▶ **WORK TO BE COMPLETED**
The expected output is the line with "BMW 116 116" followed by every remaining line of the entries, all repeated exactly.

▶ **LISTED ENTRIES**
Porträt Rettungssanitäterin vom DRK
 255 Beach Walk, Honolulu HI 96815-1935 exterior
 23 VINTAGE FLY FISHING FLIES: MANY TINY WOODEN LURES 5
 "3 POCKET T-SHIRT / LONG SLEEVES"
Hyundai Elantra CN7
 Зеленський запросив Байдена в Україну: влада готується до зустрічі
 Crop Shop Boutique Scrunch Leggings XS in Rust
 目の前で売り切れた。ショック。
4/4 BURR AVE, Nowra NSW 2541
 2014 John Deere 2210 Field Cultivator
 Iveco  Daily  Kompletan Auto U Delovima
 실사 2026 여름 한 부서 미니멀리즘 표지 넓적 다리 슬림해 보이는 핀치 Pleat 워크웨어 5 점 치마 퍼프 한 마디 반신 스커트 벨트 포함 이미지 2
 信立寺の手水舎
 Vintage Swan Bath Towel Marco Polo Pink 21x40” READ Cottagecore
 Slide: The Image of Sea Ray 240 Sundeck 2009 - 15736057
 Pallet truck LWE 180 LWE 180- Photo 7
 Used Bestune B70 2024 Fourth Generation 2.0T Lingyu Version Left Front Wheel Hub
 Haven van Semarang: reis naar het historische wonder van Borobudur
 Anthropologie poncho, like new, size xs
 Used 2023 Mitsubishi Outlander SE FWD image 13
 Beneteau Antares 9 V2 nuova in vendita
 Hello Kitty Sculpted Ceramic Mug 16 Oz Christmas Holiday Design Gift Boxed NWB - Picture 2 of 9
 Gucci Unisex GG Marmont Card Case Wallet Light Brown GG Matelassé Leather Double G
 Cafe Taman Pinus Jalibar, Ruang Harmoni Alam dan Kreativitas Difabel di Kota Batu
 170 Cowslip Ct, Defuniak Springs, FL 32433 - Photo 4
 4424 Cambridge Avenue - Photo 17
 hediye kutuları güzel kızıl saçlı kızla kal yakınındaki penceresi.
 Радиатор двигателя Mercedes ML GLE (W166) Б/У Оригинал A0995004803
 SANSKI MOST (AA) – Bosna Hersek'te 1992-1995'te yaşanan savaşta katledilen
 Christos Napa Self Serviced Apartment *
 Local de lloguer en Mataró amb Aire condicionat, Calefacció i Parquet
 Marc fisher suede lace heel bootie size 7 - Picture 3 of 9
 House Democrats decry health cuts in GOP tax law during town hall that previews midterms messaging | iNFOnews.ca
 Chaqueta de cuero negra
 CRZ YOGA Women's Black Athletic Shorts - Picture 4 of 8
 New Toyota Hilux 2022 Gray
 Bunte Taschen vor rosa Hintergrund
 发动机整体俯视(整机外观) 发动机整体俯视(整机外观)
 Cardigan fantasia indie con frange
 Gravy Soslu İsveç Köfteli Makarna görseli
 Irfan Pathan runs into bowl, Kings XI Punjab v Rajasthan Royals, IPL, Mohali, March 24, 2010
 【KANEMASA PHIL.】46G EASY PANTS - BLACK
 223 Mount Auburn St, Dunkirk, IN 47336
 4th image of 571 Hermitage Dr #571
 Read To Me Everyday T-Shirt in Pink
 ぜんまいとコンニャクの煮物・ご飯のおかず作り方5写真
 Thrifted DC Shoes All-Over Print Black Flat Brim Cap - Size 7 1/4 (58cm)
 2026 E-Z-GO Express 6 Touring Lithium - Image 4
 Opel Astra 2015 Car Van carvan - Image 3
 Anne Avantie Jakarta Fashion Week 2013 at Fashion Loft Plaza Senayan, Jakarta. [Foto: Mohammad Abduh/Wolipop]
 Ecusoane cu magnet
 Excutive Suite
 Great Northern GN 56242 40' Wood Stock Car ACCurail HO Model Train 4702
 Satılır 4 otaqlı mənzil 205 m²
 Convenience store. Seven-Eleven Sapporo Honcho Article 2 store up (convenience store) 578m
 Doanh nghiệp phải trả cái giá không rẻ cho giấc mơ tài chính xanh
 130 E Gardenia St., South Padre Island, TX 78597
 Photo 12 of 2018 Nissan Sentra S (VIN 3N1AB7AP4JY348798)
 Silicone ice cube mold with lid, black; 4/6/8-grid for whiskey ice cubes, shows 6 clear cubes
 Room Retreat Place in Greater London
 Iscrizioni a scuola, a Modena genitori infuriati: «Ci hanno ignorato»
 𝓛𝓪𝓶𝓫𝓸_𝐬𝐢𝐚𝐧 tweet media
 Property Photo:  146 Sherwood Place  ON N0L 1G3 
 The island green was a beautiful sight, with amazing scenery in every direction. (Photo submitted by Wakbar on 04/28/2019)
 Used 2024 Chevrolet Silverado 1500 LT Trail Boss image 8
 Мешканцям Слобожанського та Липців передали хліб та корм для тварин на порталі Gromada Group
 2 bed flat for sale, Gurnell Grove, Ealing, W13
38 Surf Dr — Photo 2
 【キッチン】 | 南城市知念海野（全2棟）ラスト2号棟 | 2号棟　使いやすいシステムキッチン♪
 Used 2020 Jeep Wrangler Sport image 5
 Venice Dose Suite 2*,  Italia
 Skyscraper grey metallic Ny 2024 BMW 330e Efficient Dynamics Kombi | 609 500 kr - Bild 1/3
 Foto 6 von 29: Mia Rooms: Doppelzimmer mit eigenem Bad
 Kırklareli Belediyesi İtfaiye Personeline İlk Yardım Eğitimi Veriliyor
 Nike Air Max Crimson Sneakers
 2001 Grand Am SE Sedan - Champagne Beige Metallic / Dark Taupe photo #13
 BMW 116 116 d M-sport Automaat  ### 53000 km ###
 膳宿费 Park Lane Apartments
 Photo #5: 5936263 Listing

▶ **TASK ANSWER**
 BMW 116 116 d M-sport Automaat  ### 53000 km ###
 膳宿费 Park Lane Apartments
 Photo #5: 5936263 Listing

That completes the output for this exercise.